[DATA EXTRACT]

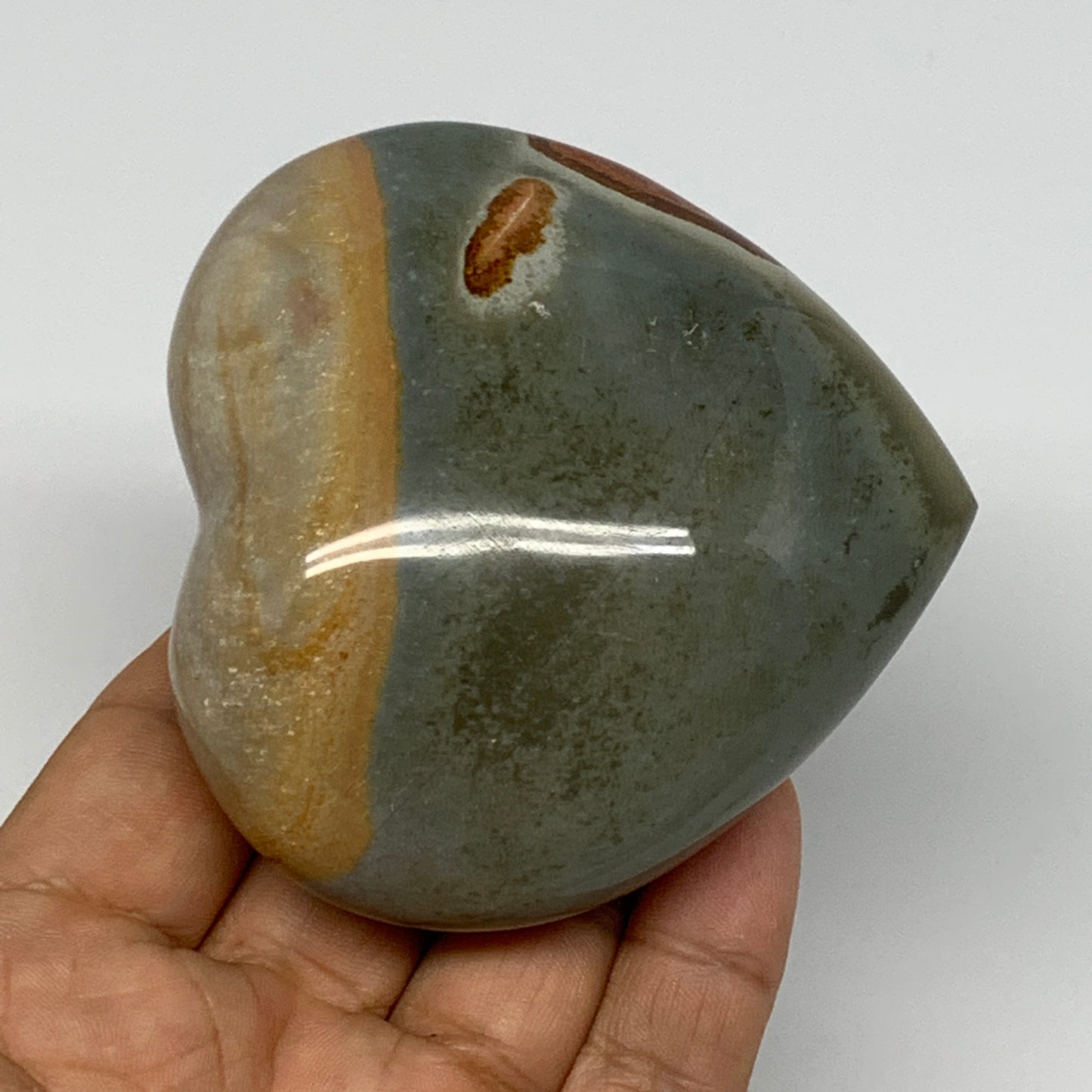 272.3g, 2.9"x3"x1.5" Polychrome Jasper Heart Polished Healing Crystal, B17724
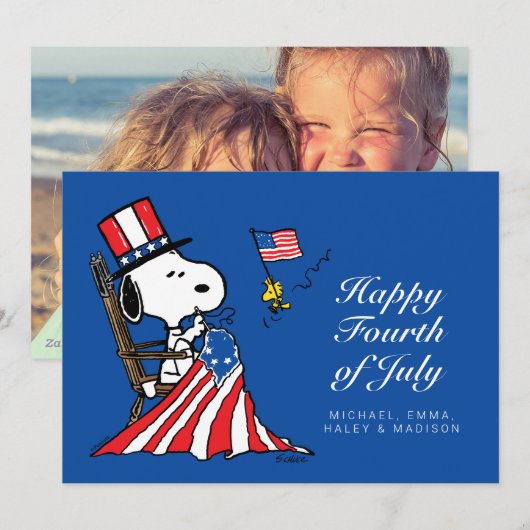 Snoopy Sewing 4 juli vlag Feestdagenkaart (Voorkant / Achterkant)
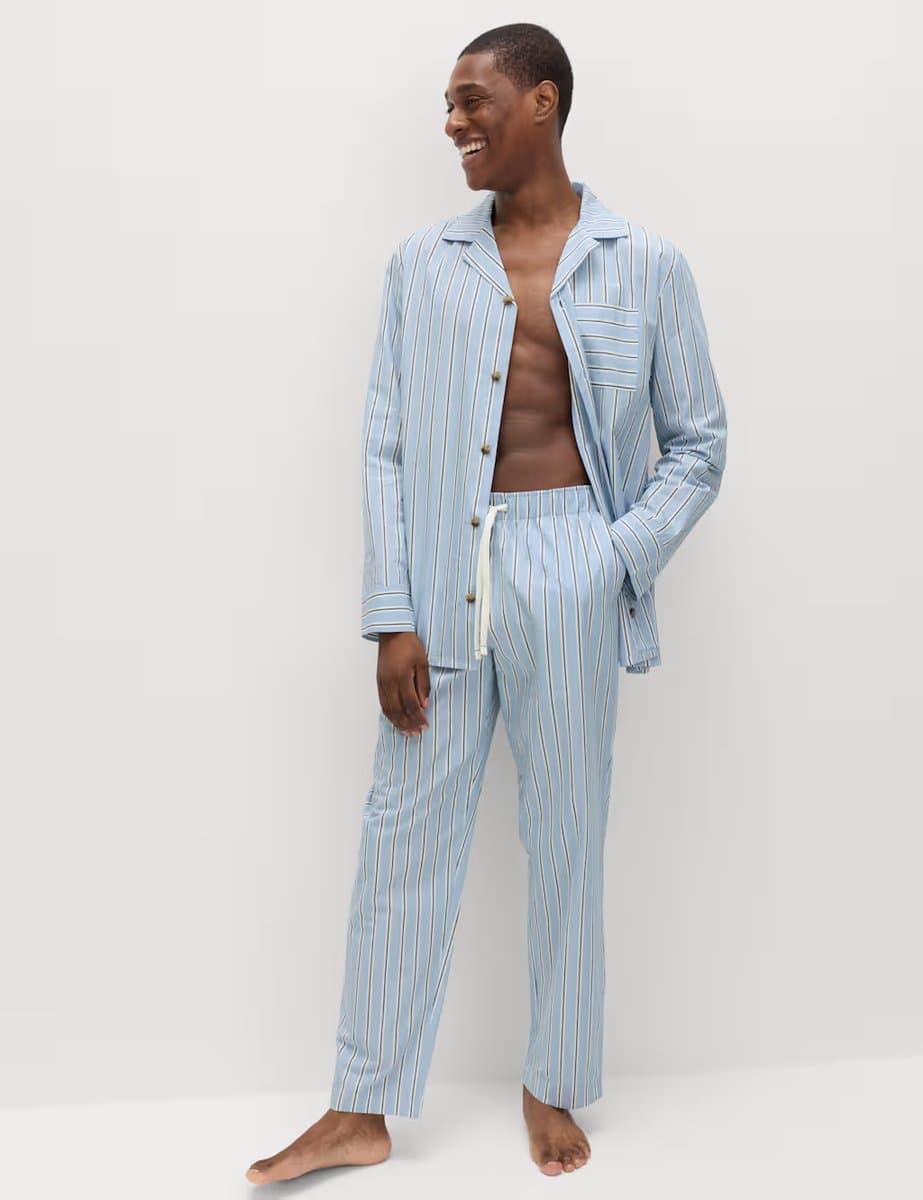 Marks & Spencer M&S Pure Cotton Striped Loungewear Bottoms Blue Mix - 2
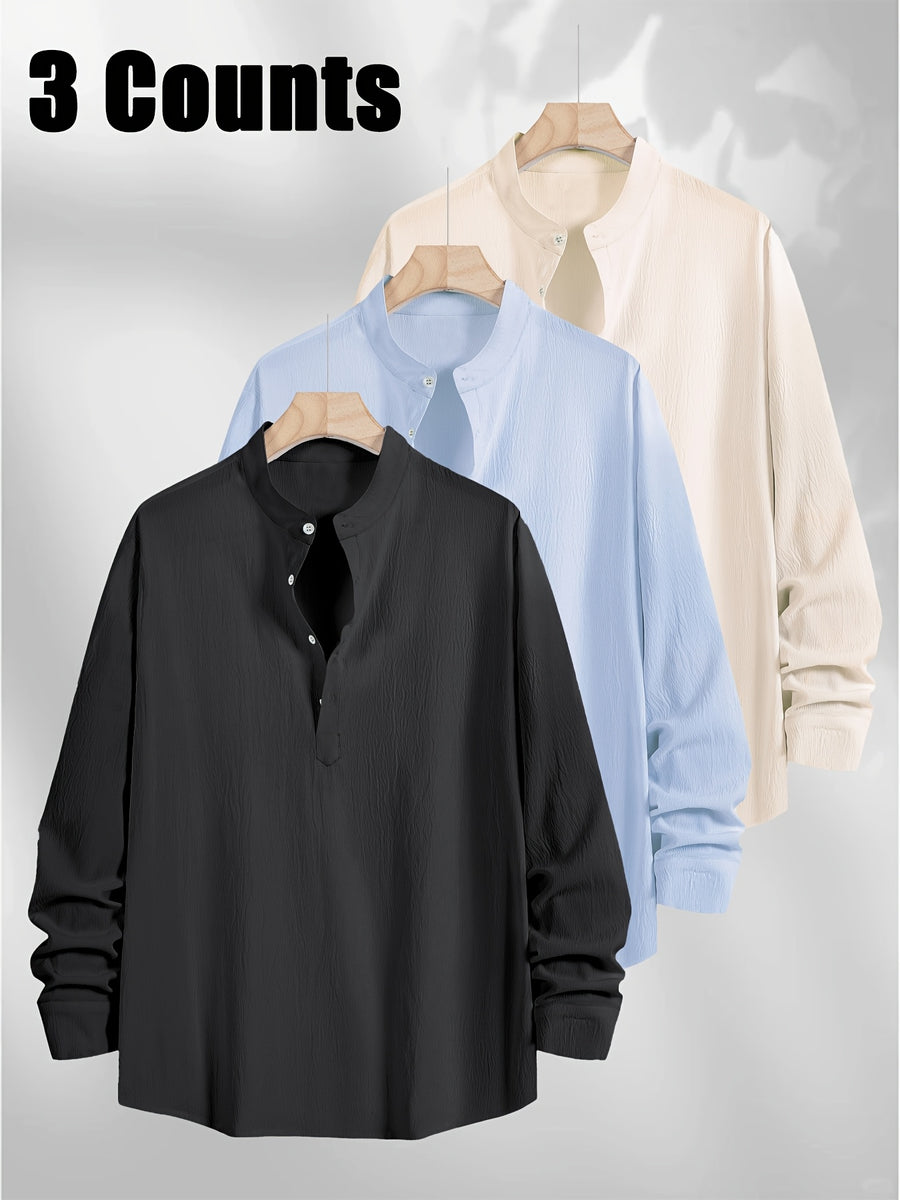 3pcs Men's Textured Slim-Fit Vacation Shirts - Long Sleeve & Short Sleeve Multi-pc, Stand Collar Button- Cuff Shirt Convertible to Short Sleeve, Breathable All-Season Hawaiian Casual Shirt Lightweight, Fashionable Minimalist for Beach Travel Vacation - Black+Sky Blue+Khaki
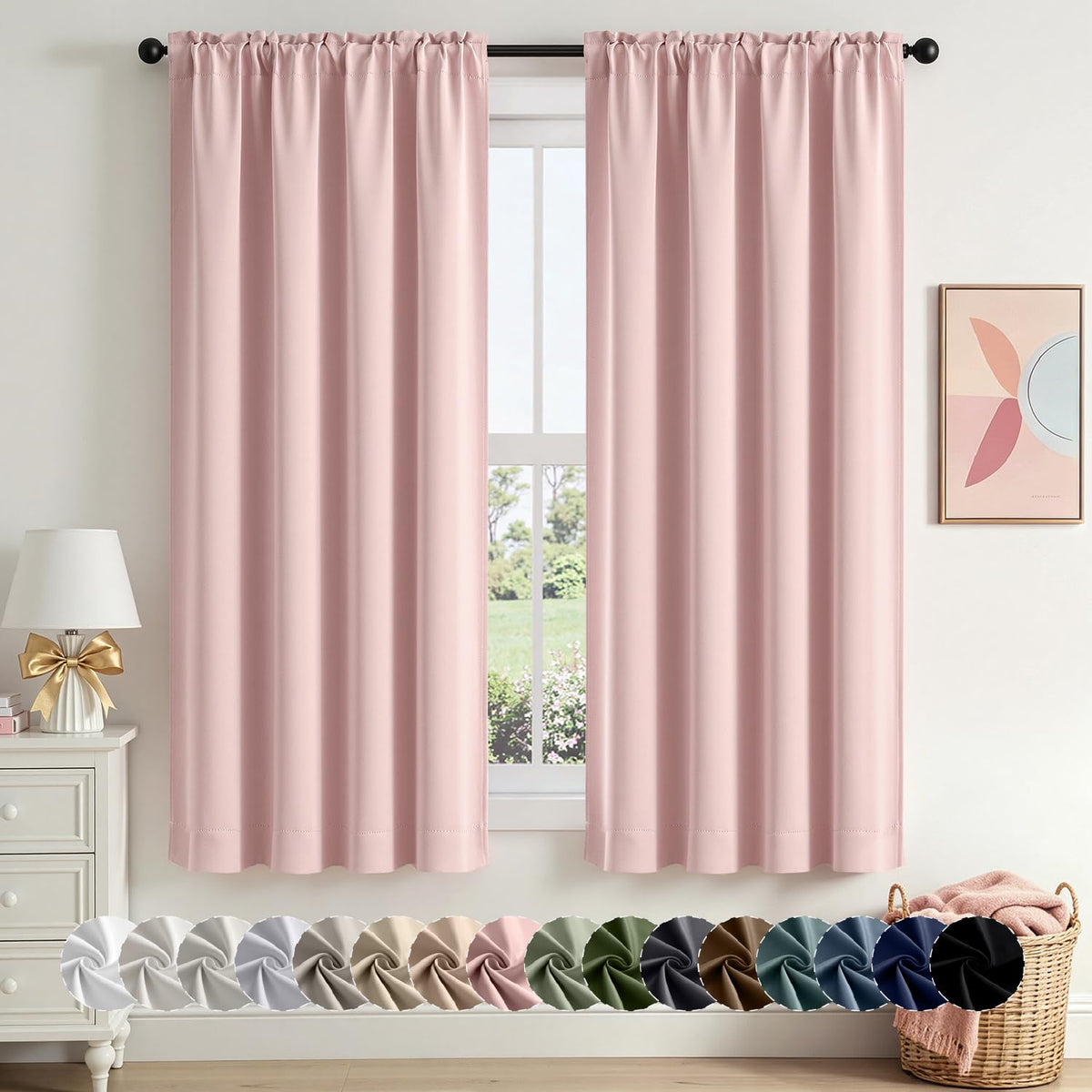 MIULEE Stone Blue Blackout Curtains for Bedroom Living Room 40"x63" 2 Panel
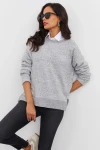 Boncuk İşlemeli Bisiklet Yaka Uzun Kollu Yumuşak Dokulu Örme Sweatshirt IZ6505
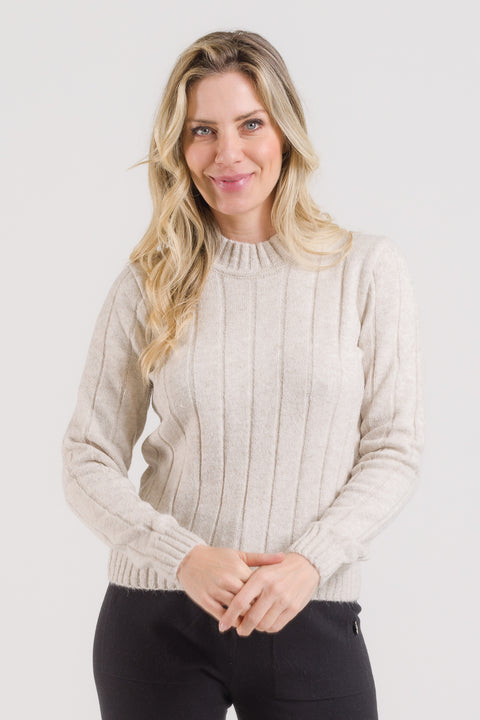 Blusa em Tricot Canelada - Martina com decote redondo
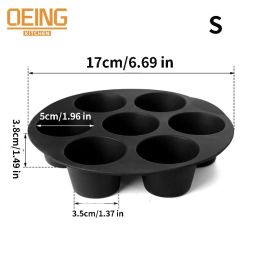 Silicone Cake Mould 7-hole Airfryer Accessories Microwave Oven Baking Mould Food Grade Baking Cake Silicone Mould Baking Tools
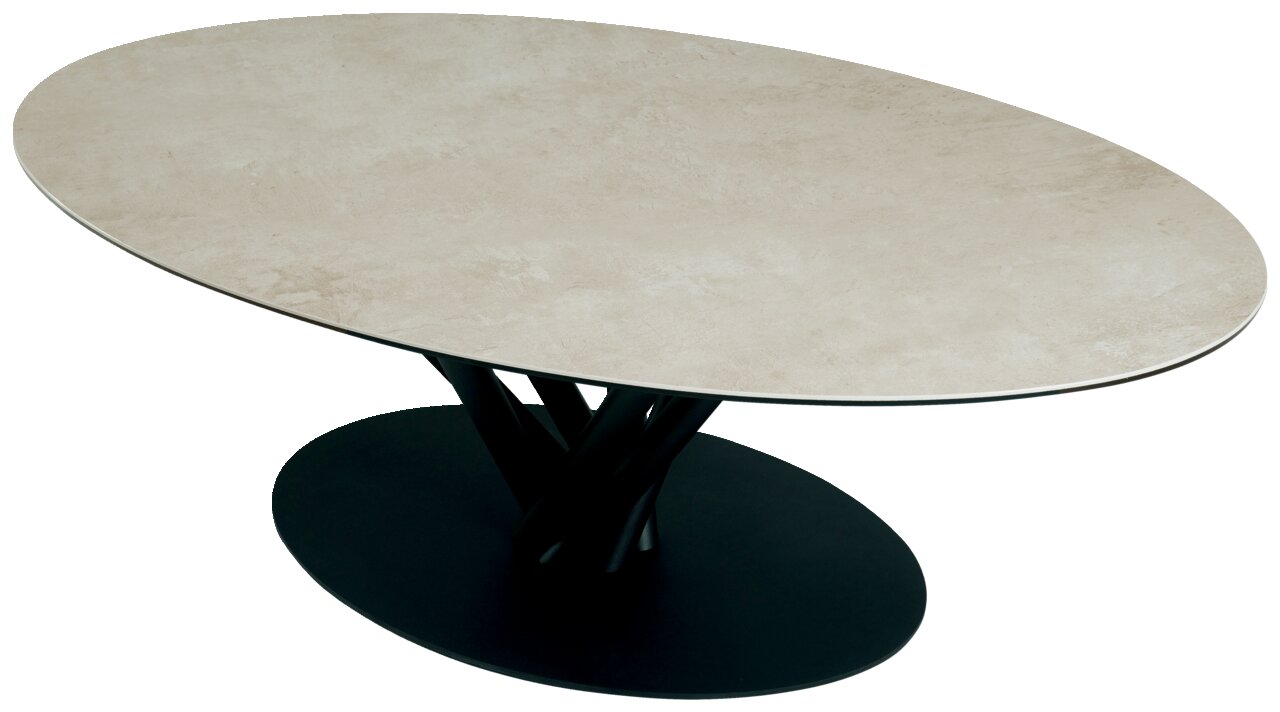 Moderne ovale salontafel met een lichtgekleurd tafelblad en een zwart, sculpturaal onderstel, gezien vanaf de zijkant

[/DATA EXTRACT]

Find the line with "Boncuk İşlemeli Bisiklet" in the entries above. Set down exactly every line from it up to and including the line with "Silicone Cake Mould", images excluded.

 Boncuk İşlemeli Bisiklet Yaka Uzun Kollu Yumuşak Dokulu Örme Sweatshirt IZ6505
 Blusa em Tricot Canelada - Martina com decote redondo
 Silicone Cake Mould 7-hole Airfryer Accessories Microwave Oven Baking Mould Food Grade Baking Cake Silicone Mould Baking Tools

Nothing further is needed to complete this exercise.